Directions: Start to finish, print the entries exactly, and carry none of the pictures over.

Data supplied:
= Beginning of Section =
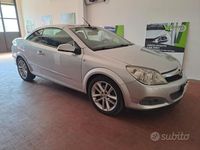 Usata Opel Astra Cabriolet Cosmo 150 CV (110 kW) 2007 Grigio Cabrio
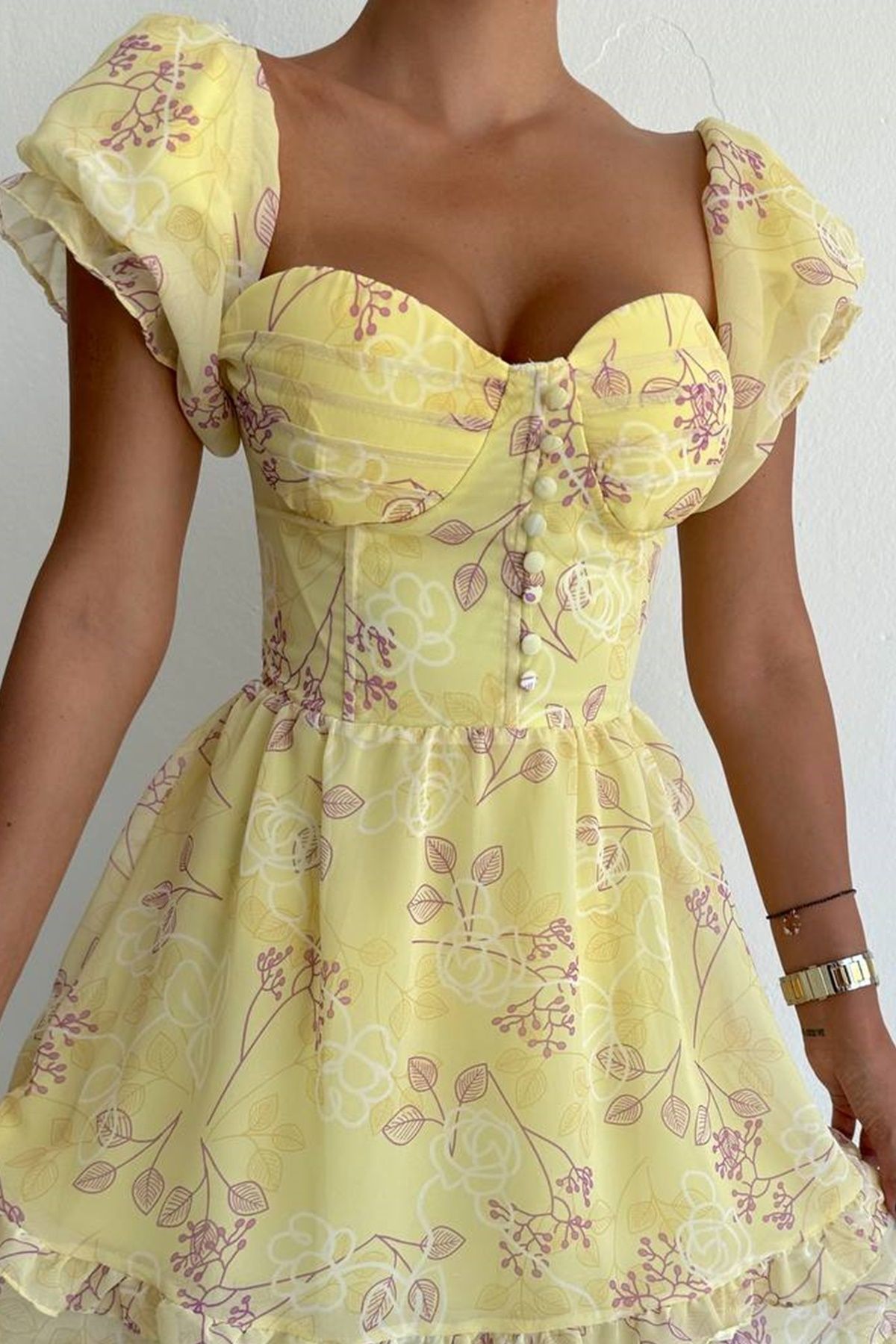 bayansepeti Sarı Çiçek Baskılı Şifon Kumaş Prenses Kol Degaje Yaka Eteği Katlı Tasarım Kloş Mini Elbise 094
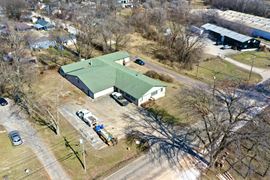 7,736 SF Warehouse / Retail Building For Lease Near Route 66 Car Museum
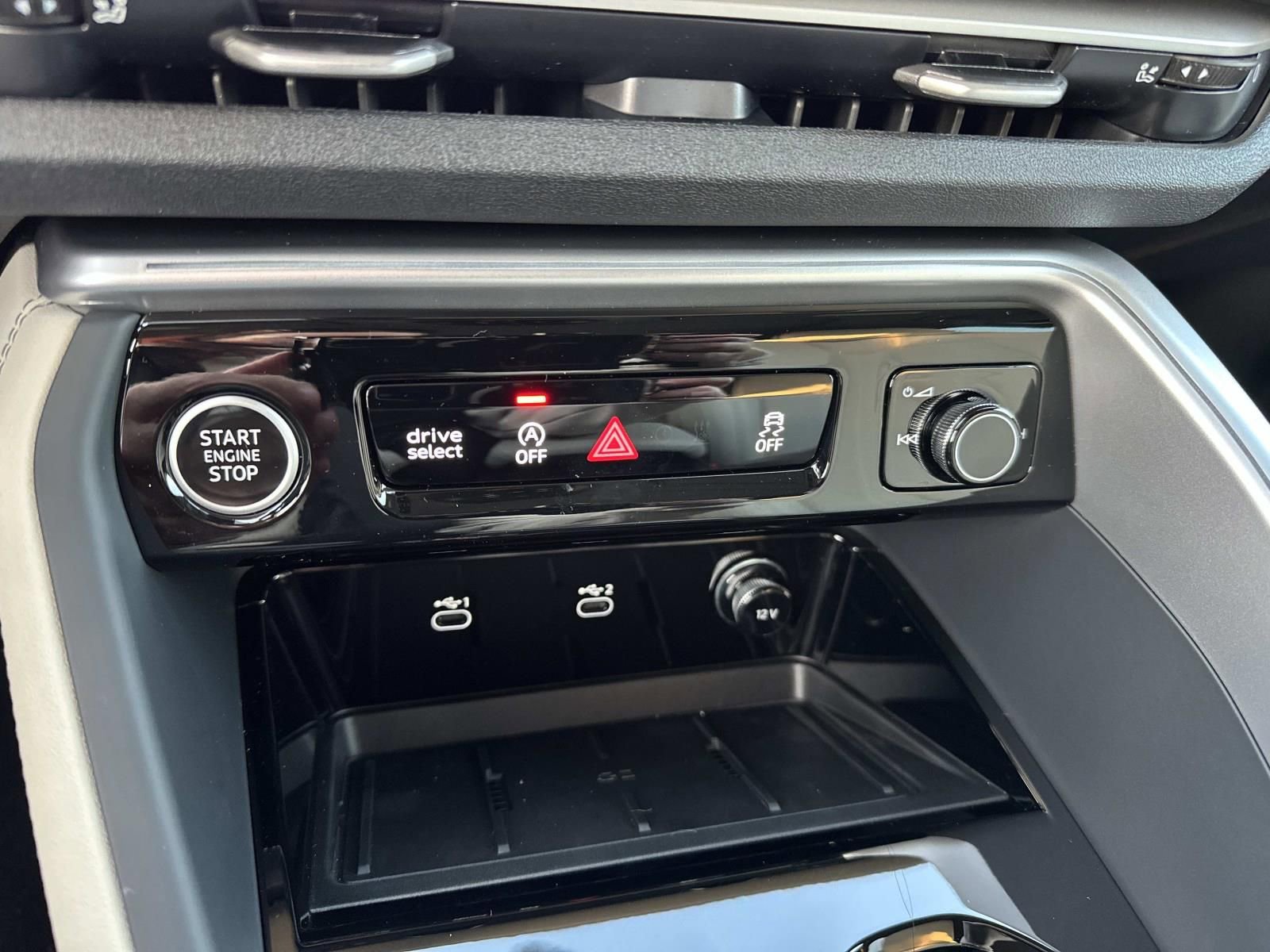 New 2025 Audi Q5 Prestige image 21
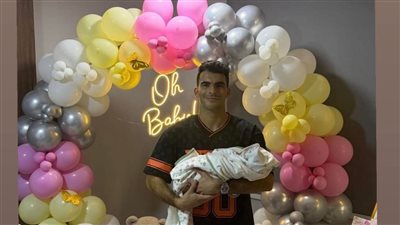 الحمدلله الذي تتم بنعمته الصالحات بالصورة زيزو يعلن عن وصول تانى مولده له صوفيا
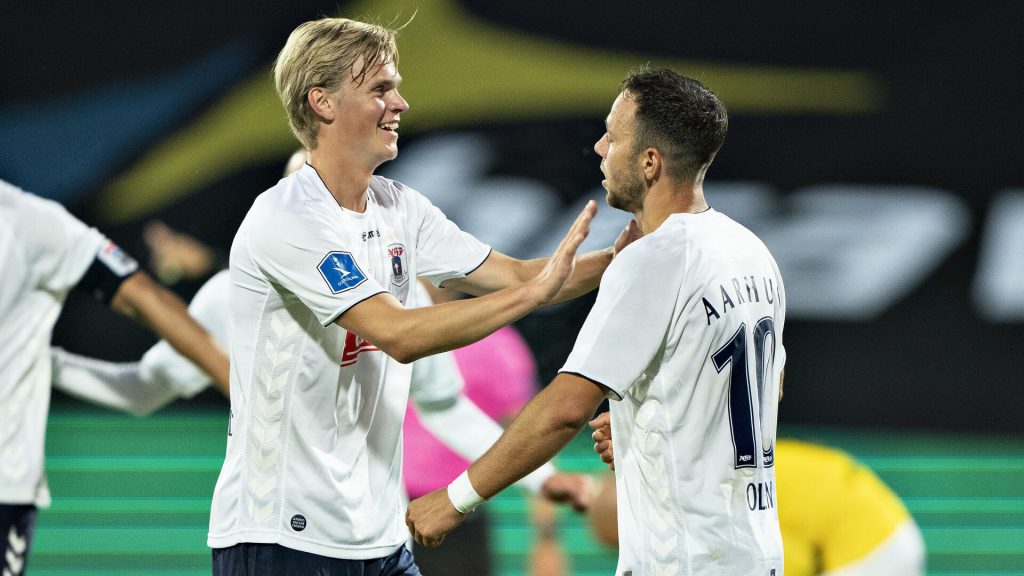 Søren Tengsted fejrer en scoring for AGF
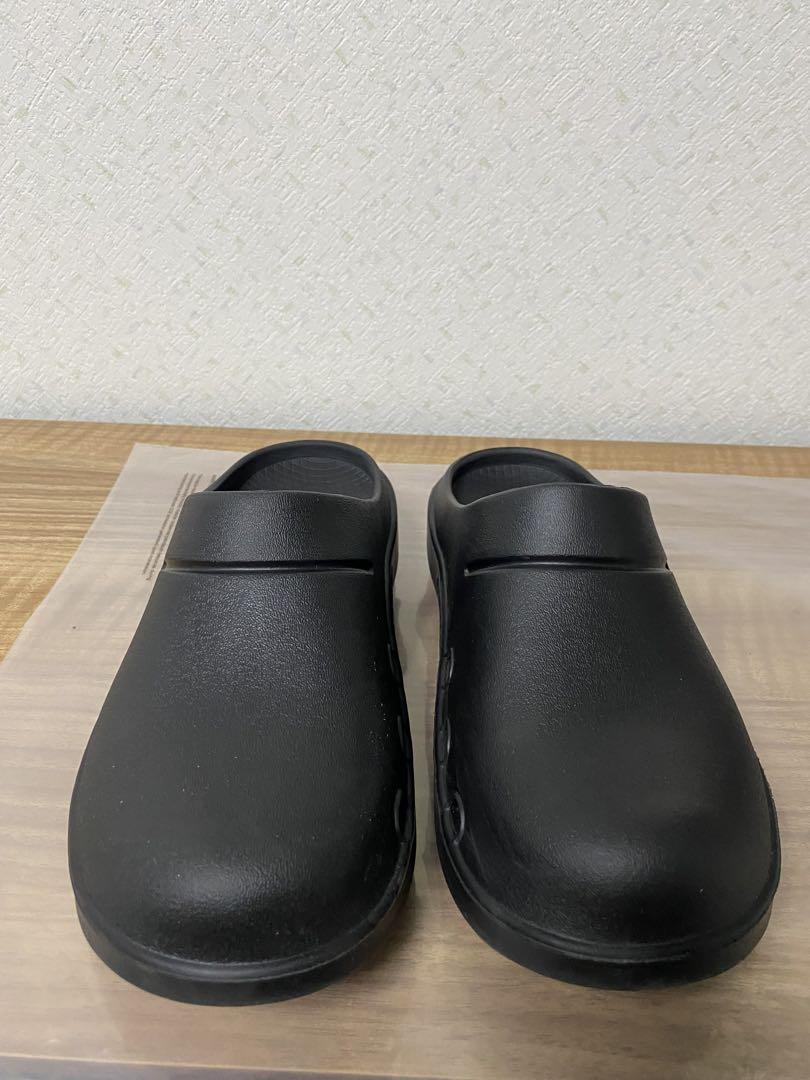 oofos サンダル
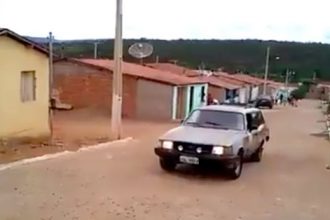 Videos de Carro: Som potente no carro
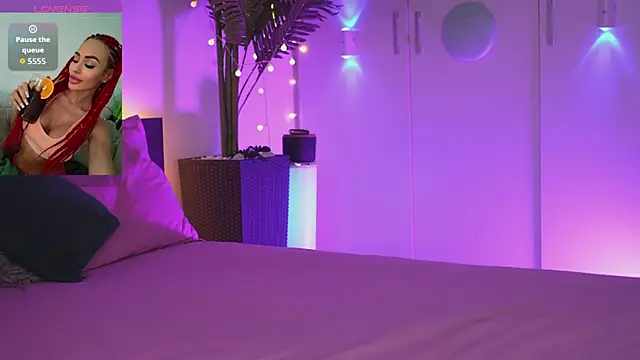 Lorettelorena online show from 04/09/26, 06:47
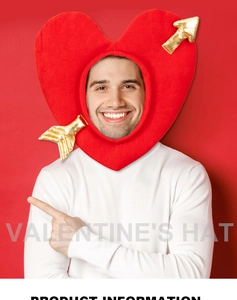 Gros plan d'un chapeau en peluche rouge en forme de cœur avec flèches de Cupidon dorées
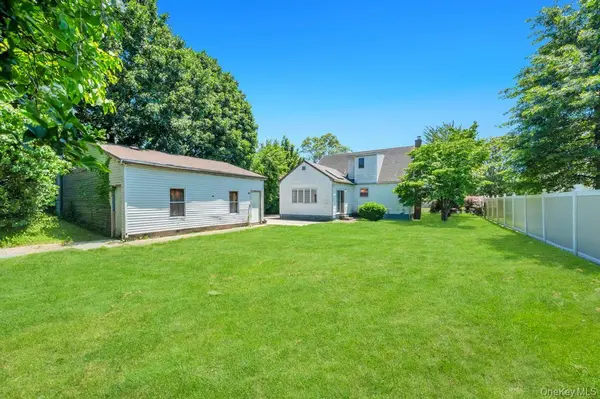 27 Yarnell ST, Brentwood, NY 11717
= End of Section =
Answer space:
 Usata Opel Astra Cabriolet Cosmo 150 CV (110 kW) 2007 Grigio Cabrio
 bayansepeti Sarı Çiçek Baskılı Şifon Kumaş Prenses Kol Degaje Yaka Eteği Katlı Tasarım Kloş Mini Elbise 094
 7,736 SF Warehouse / Retail Building For Lease Near Route 66 Car Museum
 New 2025 Audi Q5 Prestige image 21
 الحمدلله الذي تتم بنعمته الصالحات بالصورة زيزو يعلن عن وصول تانى مولده له صوفيا
 Søren Tengsted fejrer en scoring for AGF
 oofos サンダル
 Videos de Carro: Som potente no carro
 Lorettelorena online show from 04/09/26, 06:47
 Gros plan d'un chapeau en peluche rouge en forme de cœur avec flèches de Cupidon dorées
 27 Yarnell ST, Brentwood, NY 11717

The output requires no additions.